WHAT THE TASK ASKS:
Repeat exactly, and only, the lines below starting at the line that contains "REDLAND 42 BLADE ROTAVATOR - Image 7" and ending at the line that contains "Номер Стандарт, Florence Shabby Chic Home", inclusive of both.

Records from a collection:

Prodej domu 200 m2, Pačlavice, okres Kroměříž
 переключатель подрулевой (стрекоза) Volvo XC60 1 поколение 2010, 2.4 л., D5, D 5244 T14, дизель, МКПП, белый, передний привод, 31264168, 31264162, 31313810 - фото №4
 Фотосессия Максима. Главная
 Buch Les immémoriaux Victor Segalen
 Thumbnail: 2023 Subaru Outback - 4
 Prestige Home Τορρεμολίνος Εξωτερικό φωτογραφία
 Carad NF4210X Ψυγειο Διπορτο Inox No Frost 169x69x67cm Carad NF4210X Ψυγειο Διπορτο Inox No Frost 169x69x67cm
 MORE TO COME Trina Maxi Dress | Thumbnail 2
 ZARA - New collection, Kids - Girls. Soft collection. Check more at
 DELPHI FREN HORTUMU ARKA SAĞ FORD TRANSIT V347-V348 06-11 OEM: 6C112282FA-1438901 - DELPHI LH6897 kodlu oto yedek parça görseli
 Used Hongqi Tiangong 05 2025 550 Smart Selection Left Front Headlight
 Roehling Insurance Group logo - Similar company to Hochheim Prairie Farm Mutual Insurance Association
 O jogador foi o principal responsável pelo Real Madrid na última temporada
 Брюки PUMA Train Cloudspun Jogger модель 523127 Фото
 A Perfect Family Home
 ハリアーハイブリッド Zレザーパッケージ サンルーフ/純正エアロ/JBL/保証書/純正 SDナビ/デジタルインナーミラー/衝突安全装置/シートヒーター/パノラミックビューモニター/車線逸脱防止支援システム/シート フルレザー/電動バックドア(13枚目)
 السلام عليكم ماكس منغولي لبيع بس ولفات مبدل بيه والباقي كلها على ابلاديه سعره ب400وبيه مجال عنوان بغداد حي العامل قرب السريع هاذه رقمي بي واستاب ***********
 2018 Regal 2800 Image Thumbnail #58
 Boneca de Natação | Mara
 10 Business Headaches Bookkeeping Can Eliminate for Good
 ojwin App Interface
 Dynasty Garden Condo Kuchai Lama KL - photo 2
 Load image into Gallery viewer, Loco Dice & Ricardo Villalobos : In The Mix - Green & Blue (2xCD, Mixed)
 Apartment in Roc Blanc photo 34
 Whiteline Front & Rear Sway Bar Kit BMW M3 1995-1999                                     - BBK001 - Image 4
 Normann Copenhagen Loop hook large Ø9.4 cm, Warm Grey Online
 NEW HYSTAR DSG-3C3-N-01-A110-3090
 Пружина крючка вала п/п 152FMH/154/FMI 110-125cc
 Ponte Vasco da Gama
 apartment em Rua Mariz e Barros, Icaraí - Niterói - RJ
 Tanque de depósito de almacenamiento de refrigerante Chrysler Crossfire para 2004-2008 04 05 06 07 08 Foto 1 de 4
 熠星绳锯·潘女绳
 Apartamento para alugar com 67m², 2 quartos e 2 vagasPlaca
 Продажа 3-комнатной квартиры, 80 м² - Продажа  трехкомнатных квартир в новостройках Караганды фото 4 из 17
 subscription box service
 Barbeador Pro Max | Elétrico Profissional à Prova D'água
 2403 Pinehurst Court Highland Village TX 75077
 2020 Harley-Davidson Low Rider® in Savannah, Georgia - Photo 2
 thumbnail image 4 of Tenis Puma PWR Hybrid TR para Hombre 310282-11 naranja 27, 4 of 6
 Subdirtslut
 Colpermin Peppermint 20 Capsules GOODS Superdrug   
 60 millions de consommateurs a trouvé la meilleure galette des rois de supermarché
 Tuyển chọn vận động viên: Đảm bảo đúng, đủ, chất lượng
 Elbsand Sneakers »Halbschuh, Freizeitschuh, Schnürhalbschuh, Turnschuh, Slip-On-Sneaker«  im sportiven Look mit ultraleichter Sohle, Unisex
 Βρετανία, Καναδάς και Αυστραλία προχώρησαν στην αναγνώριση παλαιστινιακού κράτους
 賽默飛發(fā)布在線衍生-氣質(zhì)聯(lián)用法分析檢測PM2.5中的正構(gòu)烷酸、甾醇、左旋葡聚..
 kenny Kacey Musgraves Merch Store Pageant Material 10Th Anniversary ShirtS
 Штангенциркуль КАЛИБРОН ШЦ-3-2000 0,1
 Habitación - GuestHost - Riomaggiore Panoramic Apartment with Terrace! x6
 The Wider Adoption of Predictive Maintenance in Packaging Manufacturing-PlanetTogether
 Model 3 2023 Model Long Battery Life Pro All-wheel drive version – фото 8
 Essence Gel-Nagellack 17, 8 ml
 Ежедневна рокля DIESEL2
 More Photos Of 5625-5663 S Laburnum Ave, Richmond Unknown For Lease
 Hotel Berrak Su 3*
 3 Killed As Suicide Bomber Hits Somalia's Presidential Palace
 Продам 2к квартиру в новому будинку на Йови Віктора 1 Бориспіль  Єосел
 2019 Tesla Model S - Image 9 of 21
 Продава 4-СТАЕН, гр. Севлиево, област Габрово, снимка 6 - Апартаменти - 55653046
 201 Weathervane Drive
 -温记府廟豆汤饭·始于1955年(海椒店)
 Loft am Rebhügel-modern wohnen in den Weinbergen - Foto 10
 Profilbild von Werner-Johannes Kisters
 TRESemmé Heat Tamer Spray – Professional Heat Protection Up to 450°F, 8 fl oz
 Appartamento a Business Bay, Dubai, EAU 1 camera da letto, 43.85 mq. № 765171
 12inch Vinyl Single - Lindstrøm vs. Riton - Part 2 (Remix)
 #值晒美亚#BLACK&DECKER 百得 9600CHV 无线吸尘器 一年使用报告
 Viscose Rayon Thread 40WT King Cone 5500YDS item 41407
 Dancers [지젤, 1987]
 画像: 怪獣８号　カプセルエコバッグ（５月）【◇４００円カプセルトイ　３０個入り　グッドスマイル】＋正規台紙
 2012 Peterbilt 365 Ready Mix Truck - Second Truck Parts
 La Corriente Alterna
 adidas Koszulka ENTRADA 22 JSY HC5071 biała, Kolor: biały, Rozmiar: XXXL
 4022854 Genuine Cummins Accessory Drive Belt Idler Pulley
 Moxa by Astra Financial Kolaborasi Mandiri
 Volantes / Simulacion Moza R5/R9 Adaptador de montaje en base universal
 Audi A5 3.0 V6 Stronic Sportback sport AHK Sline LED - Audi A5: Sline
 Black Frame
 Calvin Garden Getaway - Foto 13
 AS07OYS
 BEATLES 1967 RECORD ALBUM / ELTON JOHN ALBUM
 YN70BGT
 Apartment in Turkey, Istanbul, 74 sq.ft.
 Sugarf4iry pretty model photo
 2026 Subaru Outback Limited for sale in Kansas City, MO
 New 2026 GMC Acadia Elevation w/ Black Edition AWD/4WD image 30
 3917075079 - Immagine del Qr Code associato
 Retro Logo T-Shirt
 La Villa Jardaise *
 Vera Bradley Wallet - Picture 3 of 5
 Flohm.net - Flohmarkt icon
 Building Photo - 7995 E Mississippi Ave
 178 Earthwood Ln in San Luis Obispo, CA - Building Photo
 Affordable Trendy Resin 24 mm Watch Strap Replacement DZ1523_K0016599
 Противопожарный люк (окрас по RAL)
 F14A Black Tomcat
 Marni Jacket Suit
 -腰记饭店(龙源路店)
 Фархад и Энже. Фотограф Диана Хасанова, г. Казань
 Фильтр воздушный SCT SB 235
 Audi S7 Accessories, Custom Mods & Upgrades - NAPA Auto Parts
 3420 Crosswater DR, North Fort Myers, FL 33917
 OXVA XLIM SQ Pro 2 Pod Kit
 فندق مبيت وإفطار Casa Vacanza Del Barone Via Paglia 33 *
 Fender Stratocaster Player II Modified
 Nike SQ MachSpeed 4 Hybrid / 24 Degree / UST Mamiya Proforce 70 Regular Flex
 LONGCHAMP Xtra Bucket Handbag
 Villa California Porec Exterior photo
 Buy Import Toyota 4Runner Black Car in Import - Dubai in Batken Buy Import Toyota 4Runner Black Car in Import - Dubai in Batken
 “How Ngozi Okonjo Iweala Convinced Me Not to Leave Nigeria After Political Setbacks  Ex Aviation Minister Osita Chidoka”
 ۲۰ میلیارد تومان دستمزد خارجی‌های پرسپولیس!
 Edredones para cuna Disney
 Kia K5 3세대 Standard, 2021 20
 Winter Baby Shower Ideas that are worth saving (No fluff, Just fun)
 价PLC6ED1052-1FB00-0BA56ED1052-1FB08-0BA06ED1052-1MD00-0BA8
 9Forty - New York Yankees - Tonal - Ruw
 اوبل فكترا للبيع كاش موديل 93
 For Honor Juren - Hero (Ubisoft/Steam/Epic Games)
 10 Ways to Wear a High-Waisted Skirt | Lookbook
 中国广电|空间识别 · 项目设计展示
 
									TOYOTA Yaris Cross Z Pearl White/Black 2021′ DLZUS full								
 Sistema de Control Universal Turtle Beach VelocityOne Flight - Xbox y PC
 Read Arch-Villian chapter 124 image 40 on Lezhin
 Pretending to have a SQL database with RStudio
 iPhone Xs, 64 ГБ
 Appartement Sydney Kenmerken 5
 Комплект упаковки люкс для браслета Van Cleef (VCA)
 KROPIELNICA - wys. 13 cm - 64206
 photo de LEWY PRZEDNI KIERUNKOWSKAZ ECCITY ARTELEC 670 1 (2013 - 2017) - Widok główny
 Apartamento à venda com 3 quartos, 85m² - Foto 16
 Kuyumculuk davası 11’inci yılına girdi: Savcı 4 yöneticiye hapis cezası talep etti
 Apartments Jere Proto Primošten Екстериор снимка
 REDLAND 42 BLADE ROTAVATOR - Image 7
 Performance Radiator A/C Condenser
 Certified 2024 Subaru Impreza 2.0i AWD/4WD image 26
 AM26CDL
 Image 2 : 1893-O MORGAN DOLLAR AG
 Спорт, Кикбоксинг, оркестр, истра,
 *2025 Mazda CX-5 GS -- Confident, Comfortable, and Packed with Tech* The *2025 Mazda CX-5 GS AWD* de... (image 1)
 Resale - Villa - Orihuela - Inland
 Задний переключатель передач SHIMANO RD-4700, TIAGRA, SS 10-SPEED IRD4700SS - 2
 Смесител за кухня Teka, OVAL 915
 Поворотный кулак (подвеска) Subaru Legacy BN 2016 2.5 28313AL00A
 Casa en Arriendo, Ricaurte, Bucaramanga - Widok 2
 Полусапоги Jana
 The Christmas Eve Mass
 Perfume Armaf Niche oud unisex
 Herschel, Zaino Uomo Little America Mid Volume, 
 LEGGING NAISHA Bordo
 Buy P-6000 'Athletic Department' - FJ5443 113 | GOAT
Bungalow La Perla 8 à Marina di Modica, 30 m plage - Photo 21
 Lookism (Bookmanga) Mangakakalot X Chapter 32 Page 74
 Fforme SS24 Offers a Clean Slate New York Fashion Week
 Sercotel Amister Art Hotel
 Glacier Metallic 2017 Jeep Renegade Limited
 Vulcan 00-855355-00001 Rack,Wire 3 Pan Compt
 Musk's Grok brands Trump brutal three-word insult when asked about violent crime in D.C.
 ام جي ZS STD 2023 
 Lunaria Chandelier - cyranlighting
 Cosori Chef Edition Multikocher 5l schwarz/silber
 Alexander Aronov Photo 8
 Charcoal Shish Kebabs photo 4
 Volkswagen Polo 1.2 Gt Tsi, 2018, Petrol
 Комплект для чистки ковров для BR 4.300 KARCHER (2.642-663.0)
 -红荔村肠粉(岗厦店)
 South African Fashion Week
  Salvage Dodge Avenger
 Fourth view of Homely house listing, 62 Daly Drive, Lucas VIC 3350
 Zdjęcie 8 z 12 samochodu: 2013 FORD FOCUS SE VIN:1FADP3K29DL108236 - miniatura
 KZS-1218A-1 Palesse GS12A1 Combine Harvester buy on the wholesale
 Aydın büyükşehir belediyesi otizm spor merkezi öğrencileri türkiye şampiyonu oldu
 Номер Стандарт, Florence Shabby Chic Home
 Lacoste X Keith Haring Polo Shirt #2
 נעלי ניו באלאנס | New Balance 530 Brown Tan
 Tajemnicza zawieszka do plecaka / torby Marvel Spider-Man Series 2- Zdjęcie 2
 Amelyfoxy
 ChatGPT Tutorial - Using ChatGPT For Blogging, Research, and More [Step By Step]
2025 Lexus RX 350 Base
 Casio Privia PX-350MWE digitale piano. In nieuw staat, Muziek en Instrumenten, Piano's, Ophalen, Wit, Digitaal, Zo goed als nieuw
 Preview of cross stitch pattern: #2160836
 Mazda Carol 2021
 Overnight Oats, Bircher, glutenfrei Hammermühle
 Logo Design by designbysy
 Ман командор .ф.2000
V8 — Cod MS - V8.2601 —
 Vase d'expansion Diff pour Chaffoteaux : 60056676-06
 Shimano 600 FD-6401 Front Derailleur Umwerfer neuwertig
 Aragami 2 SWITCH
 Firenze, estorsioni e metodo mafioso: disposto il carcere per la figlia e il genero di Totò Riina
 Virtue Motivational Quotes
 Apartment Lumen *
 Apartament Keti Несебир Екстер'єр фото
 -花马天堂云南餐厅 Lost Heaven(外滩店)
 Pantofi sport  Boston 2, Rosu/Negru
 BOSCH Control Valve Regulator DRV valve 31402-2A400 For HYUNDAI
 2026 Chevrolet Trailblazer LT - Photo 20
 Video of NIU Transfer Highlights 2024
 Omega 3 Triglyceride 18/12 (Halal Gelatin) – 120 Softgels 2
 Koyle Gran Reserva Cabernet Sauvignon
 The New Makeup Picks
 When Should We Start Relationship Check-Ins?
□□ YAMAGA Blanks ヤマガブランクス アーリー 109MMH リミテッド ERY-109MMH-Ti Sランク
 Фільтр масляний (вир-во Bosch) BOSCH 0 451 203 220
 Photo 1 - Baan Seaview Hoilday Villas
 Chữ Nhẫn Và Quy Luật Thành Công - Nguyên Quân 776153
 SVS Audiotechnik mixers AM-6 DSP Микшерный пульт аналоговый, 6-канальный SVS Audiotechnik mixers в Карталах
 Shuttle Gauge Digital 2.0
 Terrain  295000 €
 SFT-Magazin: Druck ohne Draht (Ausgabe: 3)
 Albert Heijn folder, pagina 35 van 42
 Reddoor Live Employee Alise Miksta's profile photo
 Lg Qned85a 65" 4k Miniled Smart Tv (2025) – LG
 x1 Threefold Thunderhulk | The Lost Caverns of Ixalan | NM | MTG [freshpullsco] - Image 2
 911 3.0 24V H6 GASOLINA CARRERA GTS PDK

SOLUTION TO THE PROBLEM:
 REDLAND 42 BLADE ROTAVATOR - Image 7
 Performance Radiator A/C Condenser
 Certified 2024 Subaru Impreza 2.0i AWD/4WD image 26
 AM26CDL
 Image 2 : 1893-O MORGAN DOLLAR AG
 Спорт, Кикбоксинг, оркестр, истра,
 *2025 Mazda CX-5 GS -- Confident, Comfortable, and Packed with Tech* The *2025 Mazda CX-5 GS AWD* de... (image 1)
 Resale - Villa - Orihuela - Inland
 Задний переключатель передач SHIMANO RD-4700, TIAGRA, SS 10-SPEED IRD4700SS - 2
 Смесител за кухня Teka, OVAL 915
 Поворотный кулак (подвеска) Subaru Legacy BN 2016 2.5 28313AL00A
 Casa en Arriendo, Ricaurte, Bucaramanga - Widok 2
 Полусапоги Jana
 The Christmas Eve Mass
 Perfume Armaf Niche oud unisex
 Herschel, Zaino Uomo Little America Mid Volume, 
 LEGGING NAISHA Bordo
 Buy P-6000 'Athletic Department' - FJ5443 113 | GOAT
Bungalow La Perla 8 à Marina di Modica, 30 m plage - Photo 21
 Lookism (Bookmanga) Mangakakalot X Chapter 32 Page 74
 Fforme SS24 Offers a Clean Slate New York Fashion Week
 Sercotel Amister Art Hotel
 Glacier Metallic 2017 Jeep Renegade Limited
 Vulcan 00-855355-00001 Rack,Wire 3 Pan Compt
 Musk's Grok brands Trump brutal three-word insult when asked about violent crime in D.C.
 ام جي ZS STD 2023 
 Lunaria Chandelier - cyranlighting
 Cosori Chef Edition Multikocher 5l schwarz/silber
 Alexander Aronov Photo 8
 Charcoal Shish Kebabs photo 4
 Volkswagen Polo 1.2 Gt Tsi, 2018, Petrol
 Комплект для чистки ковров для BR 4.300 KARCHER (2.642-663.0)
 -红荔村肠粉(岗厦店)
 South African Fashion Week
  Salvage Dodge Avenger
 Fourth view of Homely house listing, 62 Daly Drive, Lucas VIC 3350
 Zdjęcie 8 z 12 samochodu: 2013 FORD FOCUS SE VIN:1FADP3K29DL108236 - miniatura
 KZS-1218A-1 Palesse GS12A1 Combine Harvester buy on the wholesale
 Aydın büyükşehir belediyesi otizm spor merkezi öğrencileri türkiye şampiyonu oldu
 Номер Стандарт, Florence Shabby Chic Home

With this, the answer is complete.